Como essas ideias sobre produtividade e preguiça persistiram ou mudaram durante a pandemia?

Por causa da mentira da preguiça, muitos empregadores não confiam em seus funcionários – assim como não confiamos em nossas próprias necessidades e limitações, os empregadores não confiam nas necessidades e limitações dos funcionários.

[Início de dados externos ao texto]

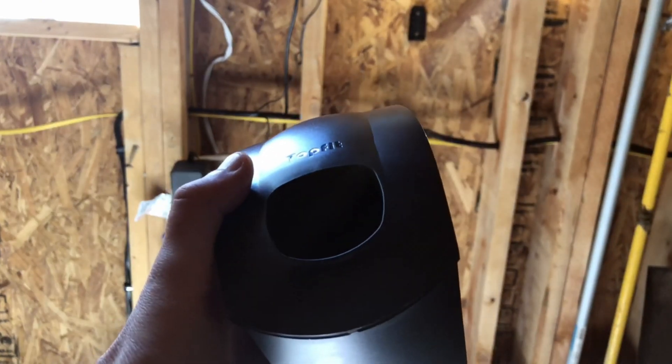Here's how to do it. It comes with a mounting bracket that has two screws that go directly into your wall. If you happen to have a finished wall, as some garages do, it also comes with drywall anchors like these.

O que os faz pensar que os trabalhadores são secretamente preguiçosos, embora haja dados mostrando que a produtividade aumentou cerca de 40% durante a pandemia.

Como as pessoas ficam presas em casa e não há deslocamento, para a maioria há mais tempo para trabalhar.

Mas as pessoas foram tratadas como se fossem preguiçosas e escapando impunes de alguma coisa ao mesmo tempo.

Portanto, estamos neste terrível paradoxo: as pessoas estão trabalhando mais do que nunca. É mais difícil escapar do e-mail, dos convites para reuniões e do trabalho.

E estamos sendo informados, ao mesmo tempo, que não estamos aproveitando este tempo ou sendo produtivos o suficiente.

Quais são alguns sinais de que você é alguém que vinculou a produtividade à bondade inerente, e como você rompe com esse pensamento?

Se você está moralizando o trabalho e presumindo que fazer algo é melhor do que não fazer nada, isso é um bom sinal de que você acredita que a produtividade é moral e que não fazer nada é imoral.

Outro sinal é a crença de que fazer as coisas rapidamente e ter resultados para entregar é prova de que você é uma boa pessoa.

Não faz mal a ninguém sentar e refletir. Pare de se perguntar: preciso fazer alguma coisa? Eu preciso de uma pausa? Tudo isso é moralmente neutro.

Se você se sentir culpado apenas por ficar sentado quieto e refletindo, procure ficar mais confortável com o distanciamento da ideia de que a urgência e a produtividade o tornam uma pessoa melhor do que os outros.

Quais são as formas alternativas de ver o seu próprio valor?

Cada coisa viva tem valor e todos fazemos parte do universo. Não temos uma dívida com a sociedade ou com o universo, porque formamos a sociedade e o universo.

Por exemplo, uma folha não deve nada à árvore em que está. Faz parte da árvore. Outro ótimo exemplo para entender o significado de valor é apreciar seus animais de estimação.

A maioria dos animais de estimação não faz nada produtivo – eles relaxam, dormem, comem, roem rodapés e gostam de ser acariciados. Muitas pessoas amam seus animais de estimação só porque eles existem.

Pratique a consideração universal de que a vida é preciosa. Viva com a convicção de que todos são dignos, não importa o que façam. Isso torna muito mais fácil começar a acreditar nisso sobre você.